What are the causes of Qi and Blood deficiency?

What are the causes of Qi and Blood deficiency?

What is the meaning of blood and Qi deficiency?

TCM recognizes the common occurrence of Qi-deficiency with blood-stasis (QDBS) syndrome. Patients with QDBS typically exhibit symptoms such as hemiplegia, hypoesthesia, pale complexion, shortness of breath, fatigue, spontaneous sweating, a tongue that is either dull, dark and greasy or bitten, and a weak or irregular pulse.

How are Qi and blood related?

In TCM theories, there exists a close relationship between Qi and blood. Qi has the ability to promote the formation and circulation of blood. Conversely, blood is responsible for nourishing Qi.

What is Qi and blood stagnation?

The clinical symptoms associated with "Qi stagnation and blood stasis" include palpitation, chest tightness and pain in the pericardial area, fullness in the chest and hypochondrium, and emotional distress. Traditional Chinese medicine has developed Qi-regulating and blood circulation-promoting therapies to address this condition.

Which foods can help move Qi and blood?

Certain herbs and foods have the capability to promote the movement of Qi and blood. Examples include onions, garlic, horseradish, shallots, leeks, chives, pepper, ginger, nutmeg, oregano, basil, rosemary, turmeric, cinnamon, and roots like taro. Additionally, hawthorn berries can be consumed as tea, and small quantities of rice vinegar and wine may also be beneficial.

Why is blood considered the mother of Qi?

Blood plays a vital role in supporting the proper flow of Qi. According to TCM, the quality of our blood depends on factors such as our diet, the efficiency of our breathing, and the adequacy of blood circulation throughout the body. Therefore, blood is considered the "Mother of Qi."

Is Qi the same as blood?

Blood and Qi have distinct characteristics according to TCM. Blood is considered a Yin Substance, characterized by its darker, fluid, and nutritive properties. Qi, on the other hand, is Yang in nature, providing the activating and dynamic energy that enables the proper functioning of bodily systems. Qi facilitates the movement of blood to where it is needed.

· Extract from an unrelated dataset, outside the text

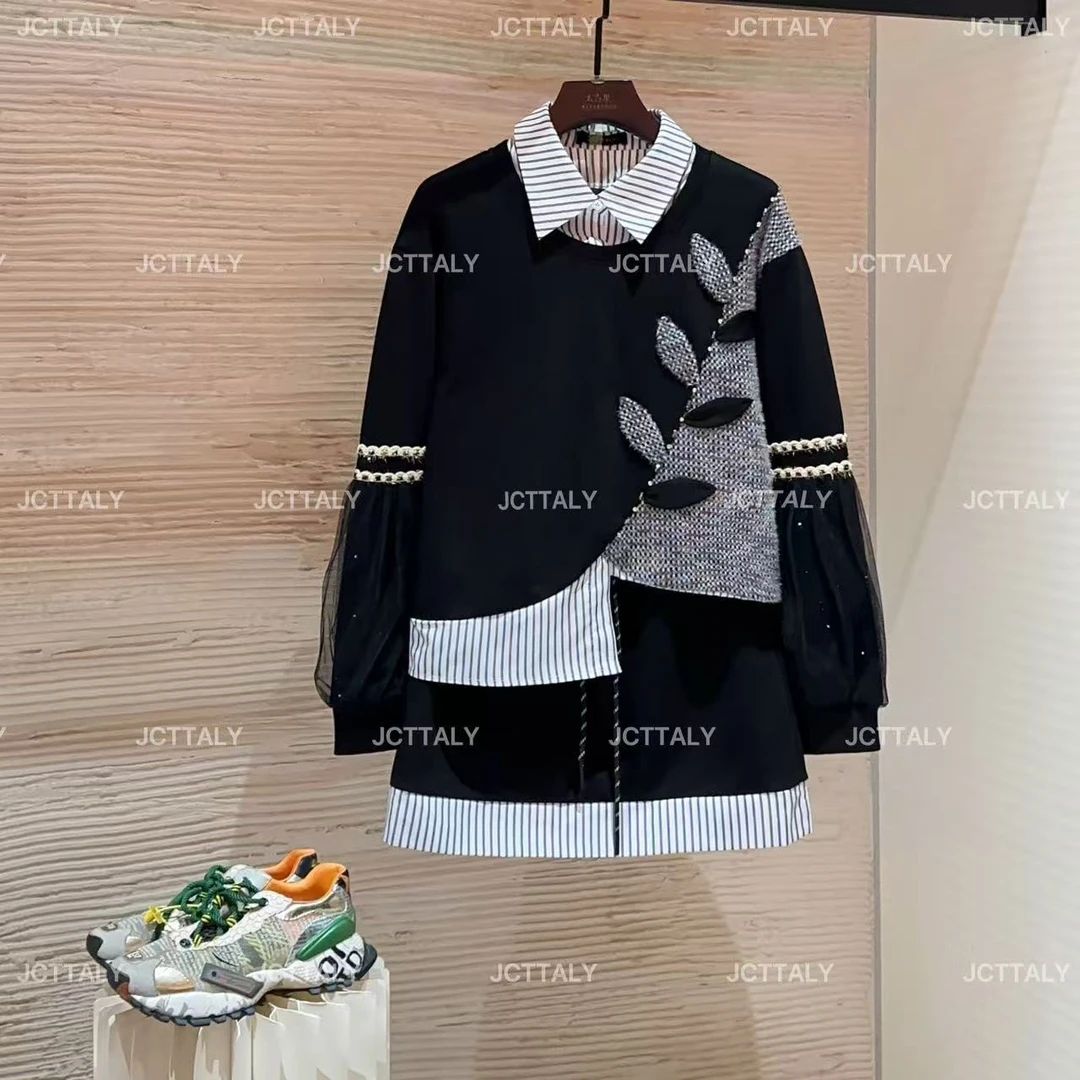 【宠粉价】（加绒）时尚套装重工百搭拼接短款翻领设计师黑色TZ-815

What causes Qi and blood stagnation?

Qi stagnation can occur due to excessive mental activity, anxiety, and fear. Emotional regulation plays a crucial role in preventing the development of complex disorders related to subfertility. Physical trauma, such as surgical procedures, can also lead to Qi stagnation and blood stasis. Additionally, external pathogenic factors, such as Cold, can contribute to Qi stagnation.

What leads to Qi deficiency?

Qi deficiency can arise from various factors, such as aging, hypertension, and cardiac issues. Overexertion of Qi in our daily lives can also deplete its levels. A stressful lifestyle can be a contributing factor as chronic stress gradually depletes energy and increases the risk of other illnesses.

What causes blood deficiency in Chinese medicine?

TCM attributes many conditions to Qi and/or blood deficiency. Blood deficiency can be a consequence of excessive blood loss, such as from an injury, or due to heavy menstrual bleeding in the case of uterine fibroids.

How can blood stagnation be alleviated?

To improve blood flow, it is recommended to avoid eating while stressed or in a rushed manner. Paying attention to breathing and expressing gratitude during meals can also be beneficial. Other suggestions include avoiding overeating, cold and damp foods (such as peanuts, soy, and dairy), and increasing the consumption of eggplants, cayenne, garlic, ginger, turmeric, shiitake mushrooms, saffron, and vinegar.